*WHAT IS NEEDED:* Check each line of the records below and collect those holding "with".

*** Begin section ***

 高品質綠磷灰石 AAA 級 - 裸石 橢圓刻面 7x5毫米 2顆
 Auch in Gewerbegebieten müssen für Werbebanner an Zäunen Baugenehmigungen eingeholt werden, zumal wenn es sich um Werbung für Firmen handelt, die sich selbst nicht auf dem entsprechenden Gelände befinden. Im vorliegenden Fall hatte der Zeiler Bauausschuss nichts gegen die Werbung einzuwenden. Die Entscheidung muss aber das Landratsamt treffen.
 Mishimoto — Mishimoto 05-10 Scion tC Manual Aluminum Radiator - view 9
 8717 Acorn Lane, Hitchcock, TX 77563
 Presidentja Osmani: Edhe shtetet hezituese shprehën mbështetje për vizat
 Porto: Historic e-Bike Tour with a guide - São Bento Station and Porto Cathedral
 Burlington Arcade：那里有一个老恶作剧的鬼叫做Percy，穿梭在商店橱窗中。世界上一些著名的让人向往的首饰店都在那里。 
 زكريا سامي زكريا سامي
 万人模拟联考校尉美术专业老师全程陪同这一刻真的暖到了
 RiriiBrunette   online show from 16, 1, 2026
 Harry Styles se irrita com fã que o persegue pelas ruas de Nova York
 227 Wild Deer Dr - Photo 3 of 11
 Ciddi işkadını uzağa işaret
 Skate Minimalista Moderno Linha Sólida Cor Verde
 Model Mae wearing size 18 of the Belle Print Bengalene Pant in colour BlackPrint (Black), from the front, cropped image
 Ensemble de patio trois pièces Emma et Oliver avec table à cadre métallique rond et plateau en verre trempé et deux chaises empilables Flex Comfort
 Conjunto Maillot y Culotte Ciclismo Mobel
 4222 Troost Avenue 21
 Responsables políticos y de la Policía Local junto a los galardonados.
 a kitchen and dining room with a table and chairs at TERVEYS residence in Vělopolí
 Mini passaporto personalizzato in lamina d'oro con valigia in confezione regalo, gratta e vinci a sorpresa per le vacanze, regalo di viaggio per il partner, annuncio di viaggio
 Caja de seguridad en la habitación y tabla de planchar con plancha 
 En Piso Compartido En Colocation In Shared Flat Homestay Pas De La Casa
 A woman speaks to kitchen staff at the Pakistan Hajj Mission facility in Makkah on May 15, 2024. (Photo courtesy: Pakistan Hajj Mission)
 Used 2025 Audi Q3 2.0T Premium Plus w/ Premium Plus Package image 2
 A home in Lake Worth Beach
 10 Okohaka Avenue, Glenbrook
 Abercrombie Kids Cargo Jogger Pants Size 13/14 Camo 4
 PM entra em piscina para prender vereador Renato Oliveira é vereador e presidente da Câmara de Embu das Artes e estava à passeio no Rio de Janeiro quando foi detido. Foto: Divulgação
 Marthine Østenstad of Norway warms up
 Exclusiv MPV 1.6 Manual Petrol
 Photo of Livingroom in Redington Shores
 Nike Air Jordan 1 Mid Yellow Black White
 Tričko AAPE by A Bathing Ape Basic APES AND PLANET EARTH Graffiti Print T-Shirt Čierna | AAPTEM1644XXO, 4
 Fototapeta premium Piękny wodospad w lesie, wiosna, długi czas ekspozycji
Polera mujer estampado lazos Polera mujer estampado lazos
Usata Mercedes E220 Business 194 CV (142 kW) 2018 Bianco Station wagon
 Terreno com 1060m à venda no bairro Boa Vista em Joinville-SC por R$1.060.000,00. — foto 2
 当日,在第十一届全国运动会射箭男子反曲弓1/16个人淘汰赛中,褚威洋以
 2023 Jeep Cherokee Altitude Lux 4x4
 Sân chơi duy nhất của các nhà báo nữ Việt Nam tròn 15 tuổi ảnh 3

*** End section ***

*SOLUTION TO THIS PROBLEM:*
 Porto: Historic e-Bike Tour with a guide - São Bento Station and Porto Cathedral
 a kitchen and dining room with a table and chairs at TERVEYS residence in Vělopolí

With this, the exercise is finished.